Farmers Insurance Open - Final Round
Farmers Insurance Open - Final Round

The glaring issue threatening ‘golf’s long-term future’

GOLF'S governing bodies will conduct a review into equipment after declaring that "any further significant increases in hitting distances at the highest level are undesirable".

The R&A and USGA have revealed their latest findings in their Distance Insights Project, which raise concerns over the continued increases in the average hitting distances on the European and PGA Tours.

The report acknowledges that the average driving distance from both main Tours combined has increased by a rate of one yard per year since 2013, with the 20 longest hitters in 2019 averaging 310 yards with a driver.

Improved athleticism of the world's best players and course conditioning are also among the contributing factors to the increases, but the R&A and USGA have vowed to investigate how they can combat the trend they have described as "detrimental to golf's long-term future".

The ruling bodies have instructed their Equipment Standards teams and committees to conduct a "broad review" of golf club and ball specifications, an undertaking which will undoubtedly have a significant impact on the equipment manufacturing industry.

There have been repeated calls for the sport's authorities to address the distance issue, with Jack Nicklaus warning of the need to "change the golf ball" rather than continue to lengthen golf course - specifically referencing the possibility of adding distance to the classic par-five 13th hole at Augusta National.

Golf's governing bodies are set to examine the equipment used.
Golf's governing bodies are set to examine the equipment used.

The Distance Insights Project Report published jointly by the R&A and USGA, states: "The research shows that hitting distances and the lengths of golf courses have been increasing for more than 100 years. We believe that this continuing cycle of increases is undesirable and detrimental to golf's long-term future.

"The inherent strategic challenge presented by many golf courses can be compromised, especially when those courses have not or cannot become long enough to keep up with increases in the hitting distances of the golfers who play from their longest tees.

"Increased hitting distance can lead to a reduction in the variety, length and creativity of shot types needed on such courses and to holes more often being overpowered by distance, as well as to an increased emphasis on the importance of distance at the expense of accuracy and other skills.

"This can begin to undermine the core principle that the challenge of golf is about using a broad range of skills and making risk/reward judgments during a round.

Rory McIlroy is one of the game's biggest hitters. (AP Photo/Denis Poroy)
Rory McIlroy is one of the game's biggest hitters. (AP Photo/Denis Poroy)

"The result is also that an increasing number of such courses, both widely renowned and less well-known, are at risk of becoming less challenging or ultimately obsolete for those who play from their longest tees - a serious loss for the game.

"The overall trend of golf courses becoming longer has its own adverse consequences that ultimately affect golfers at all levels and the game as a whole.
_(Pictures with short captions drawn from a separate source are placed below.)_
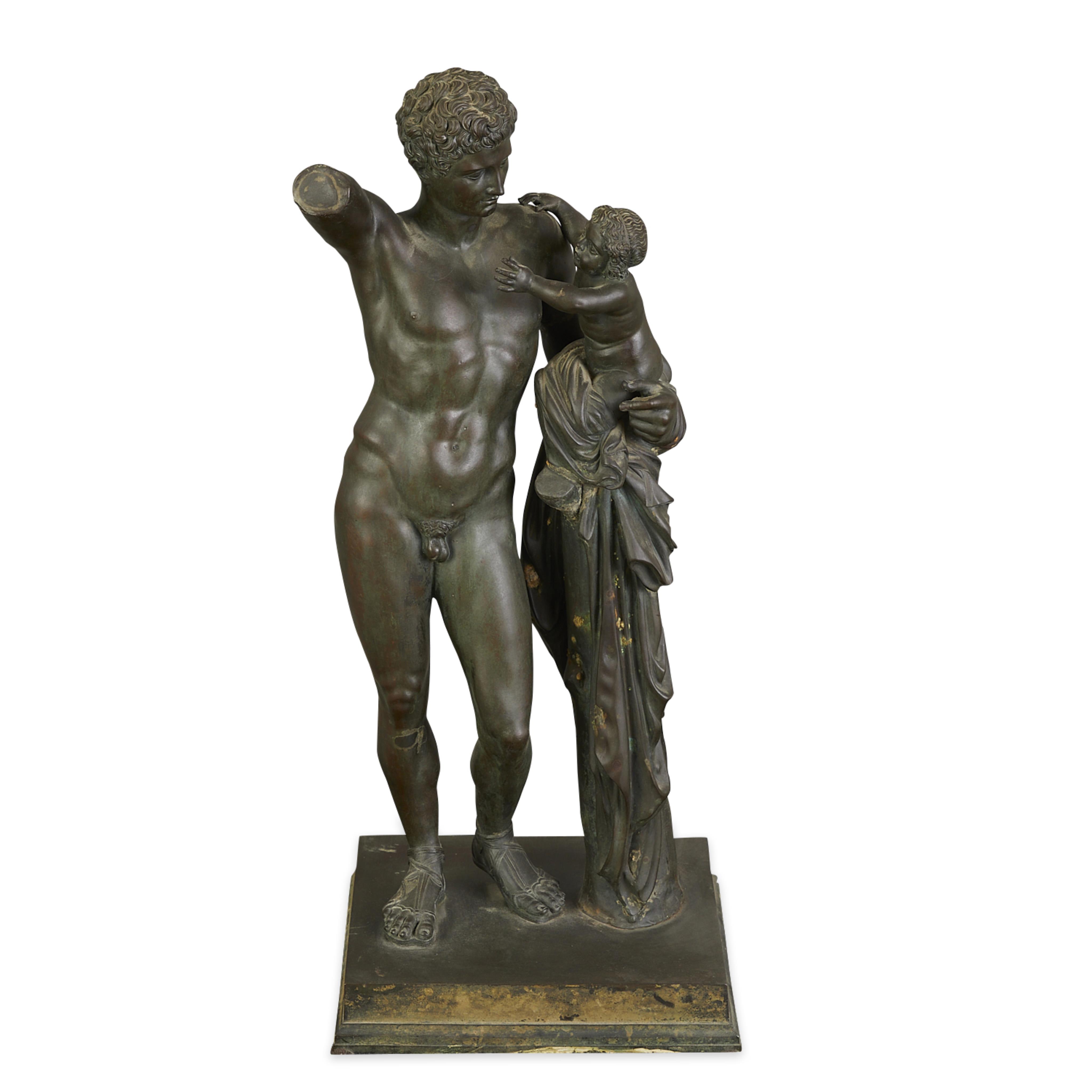 Bronze "Hermes and the Infant Dionysus" Sculpture - Image 7 of 11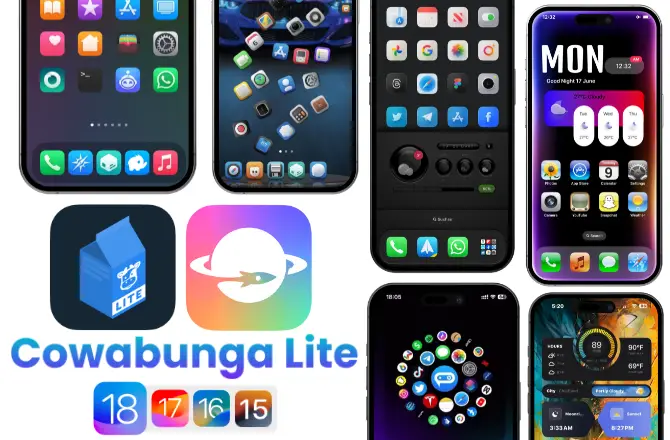Cowabunga Lite iOS 18 - iOS 15 Customization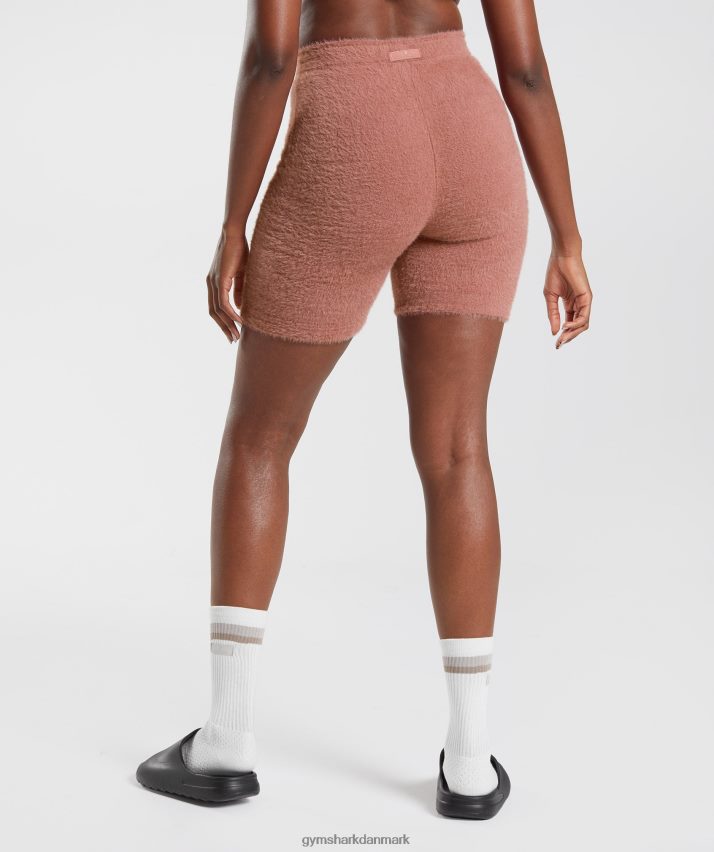 Kvinder Gymshark whitney eyelash strik shorts N4ZDDN99 canyon rød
Expanding existing courses and building longer new ones often requires significant capital investment and higher annual operating costs.

"Overall, the trend towards longer courses puts golf at odds with the growing societal concerns about the use of water, chemicals and other resources, the pressures for development restrictions and alternative land use, and the need to mitigate the long-term effects of a changing climate and natural environment.

"In our view, these continuing trends have also helped create an unnecessary degree of emphasis on distance, with a seeming expectation that each new generation of golfers will hit a golf ball farther than before."

The report goes on to detail the intended plan of action, with "the main topic for research and assessment to be potential changes in the Equipment Rules", with the impact higher for the professional game and less significant at club level.

"We will assess the potential use of a Local Rule option that would specify use of clubs and/or balls intended to result in shorter hitting distances. The concept is that equipment meeting a particular set of reduced-distance specifications - for example, a ball that does not travel as far or a club that will not hit a ball as far.

"Such a Local Rule option could be available for use at all levels of play, and golfers playing outside of a competition could also have the option to make this choice for themselves.

"We will also review the overall conformance specifications for both clubs and balls, including specifications that both directly and indirectly affect hitting distances. The intended purpose of this review is to consider whether any existing specifications should be adjusted or any new specifications should be created to help mitigate the continuing distance increases."